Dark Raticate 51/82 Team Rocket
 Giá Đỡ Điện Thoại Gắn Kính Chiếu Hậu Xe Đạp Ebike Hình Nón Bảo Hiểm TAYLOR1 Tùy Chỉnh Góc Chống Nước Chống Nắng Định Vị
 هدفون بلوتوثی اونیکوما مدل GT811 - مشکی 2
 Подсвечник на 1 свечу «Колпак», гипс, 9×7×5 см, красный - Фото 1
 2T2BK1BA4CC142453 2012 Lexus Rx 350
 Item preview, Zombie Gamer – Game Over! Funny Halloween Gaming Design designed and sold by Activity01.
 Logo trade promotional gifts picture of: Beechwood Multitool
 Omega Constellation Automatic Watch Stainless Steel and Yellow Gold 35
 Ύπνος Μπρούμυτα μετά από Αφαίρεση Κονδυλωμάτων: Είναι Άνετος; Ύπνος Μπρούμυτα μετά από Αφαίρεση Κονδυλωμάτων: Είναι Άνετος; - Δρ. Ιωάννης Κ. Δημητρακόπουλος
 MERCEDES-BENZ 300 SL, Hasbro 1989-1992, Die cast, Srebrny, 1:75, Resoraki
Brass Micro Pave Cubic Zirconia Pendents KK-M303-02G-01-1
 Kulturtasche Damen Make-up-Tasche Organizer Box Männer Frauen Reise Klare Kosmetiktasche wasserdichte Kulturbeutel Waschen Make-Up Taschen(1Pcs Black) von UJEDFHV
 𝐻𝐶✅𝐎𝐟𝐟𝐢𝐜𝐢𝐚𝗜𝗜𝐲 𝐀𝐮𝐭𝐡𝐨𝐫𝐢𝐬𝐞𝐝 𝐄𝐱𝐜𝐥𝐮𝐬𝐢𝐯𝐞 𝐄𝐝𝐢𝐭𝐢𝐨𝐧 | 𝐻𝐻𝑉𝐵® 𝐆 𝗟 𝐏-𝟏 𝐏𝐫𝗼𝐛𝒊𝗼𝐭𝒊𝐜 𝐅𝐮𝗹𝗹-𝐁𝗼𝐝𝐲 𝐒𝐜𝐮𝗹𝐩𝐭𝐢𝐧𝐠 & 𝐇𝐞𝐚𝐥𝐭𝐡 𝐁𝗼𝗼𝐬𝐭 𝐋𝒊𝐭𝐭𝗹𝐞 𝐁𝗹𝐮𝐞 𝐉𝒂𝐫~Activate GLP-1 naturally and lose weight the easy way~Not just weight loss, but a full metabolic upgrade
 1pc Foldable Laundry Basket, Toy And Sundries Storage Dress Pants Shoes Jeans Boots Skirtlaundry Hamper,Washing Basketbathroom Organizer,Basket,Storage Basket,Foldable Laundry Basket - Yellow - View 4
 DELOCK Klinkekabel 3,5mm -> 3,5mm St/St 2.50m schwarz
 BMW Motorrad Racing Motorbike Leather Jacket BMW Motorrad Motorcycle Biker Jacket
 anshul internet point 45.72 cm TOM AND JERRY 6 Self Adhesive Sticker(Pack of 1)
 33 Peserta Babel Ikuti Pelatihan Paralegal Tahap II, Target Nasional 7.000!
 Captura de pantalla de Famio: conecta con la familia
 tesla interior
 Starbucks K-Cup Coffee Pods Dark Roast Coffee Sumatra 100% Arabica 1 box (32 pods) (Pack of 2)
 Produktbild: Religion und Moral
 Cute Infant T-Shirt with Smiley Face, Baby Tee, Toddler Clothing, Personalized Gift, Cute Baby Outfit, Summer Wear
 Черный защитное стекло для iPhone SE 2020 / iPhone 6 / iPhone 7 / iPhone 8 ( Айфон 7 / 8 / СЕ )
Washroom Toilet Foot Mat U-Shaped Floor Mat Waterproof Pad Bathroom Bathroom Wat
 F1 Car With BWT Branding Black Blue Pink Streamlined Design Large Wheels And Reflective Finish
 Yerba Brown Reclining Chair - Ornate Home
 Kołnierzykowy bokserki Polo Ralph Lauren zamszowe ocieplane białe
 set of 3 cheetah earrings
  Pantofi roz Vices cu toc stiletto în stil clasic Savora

****************************************

● **AIM OF THE EXERCISE**:
From the entries above, write out only the lines starting at the line that holds "Ιωάννης Κ. Δημητρακόπουλος" and ending at the line that holds "1pc Foldable Laundry", keeping both and matching them exactly.

● **TASK SOLUTION**:
 Ύπνος Μπρούμυτα μετά από Αφαίρεση Κονδυλωμάτων: Είναι Άνετος; Ύπνος Μπρούμυτα μετά από Αφαίρεση Κονδυλωμάτων: Είναι Άνετος; - Δρ. Ιωάννης Κ. Δημητρακόπουλος
 MERCEDES-BENZ 300 SL, Hasbro 1989-1992, Die cast, Srebrny, 1:75, Resoraki
Brass Micro Pave Cubic Zirconia Pendents KK-M303-02G-01-1
 Kulturtasche Damen Make-up-Tasche Organizer Box Männer Frauen Reise Klare Kosmetiktasche wasserdichte Kulturbeutel Waschen Make-Up Taschen(1Pcs Black) von UJEDFHV
 𝐻𝐶✅𝐎𝐟𝐟𝐢𝐜𝐢𝐚𝗜𝗜𝐲 𝐀𝐮𝐭𝐡𝐨𝐫𝐢𝐬𝐞𝐝 𝐄𝐱𝐜𝐥𝐮𝐬𝐢𝐯𝐞 𝐄𝐝𝐢𝐭𝐢𝐨𝐧 | 𝐻𝐻𝑉𝐵® 𝐆 𝗟 𝐏-𝟏 𝐏𝐫𝗼𝐛𝒊𝗼𝐭𝒊𝐜 𝐅𝐮𝗹𝗹-𝐁𝗼𝐝𝐲 𝐒𝐜𝐮𝗹𝐩𝐭𝐢𝐧𝐠 & 𝐇𝐞𝐚𝐥𝐭𝐡 𝐁𝗼𝗼𝐬𝐭 𝐋𝒊𝐭𝐭𝗹𝐞 𝐁𝗹𝐮𝐞 𝐉𝒂𝐫~Activate GLP-1 naturally and lose weight the easy way~Not just weight loss, but a full metabolic upgrade
 1pc Foldable Laundry Basket, Toy And Sundries Storage Dress Pants Shoes Jeans Boots Skirtlaundry Hamper,Washing Basketbathroom Organizer,Basket,Storage Basket,Foldable Laundry Basket - Yellow - View 4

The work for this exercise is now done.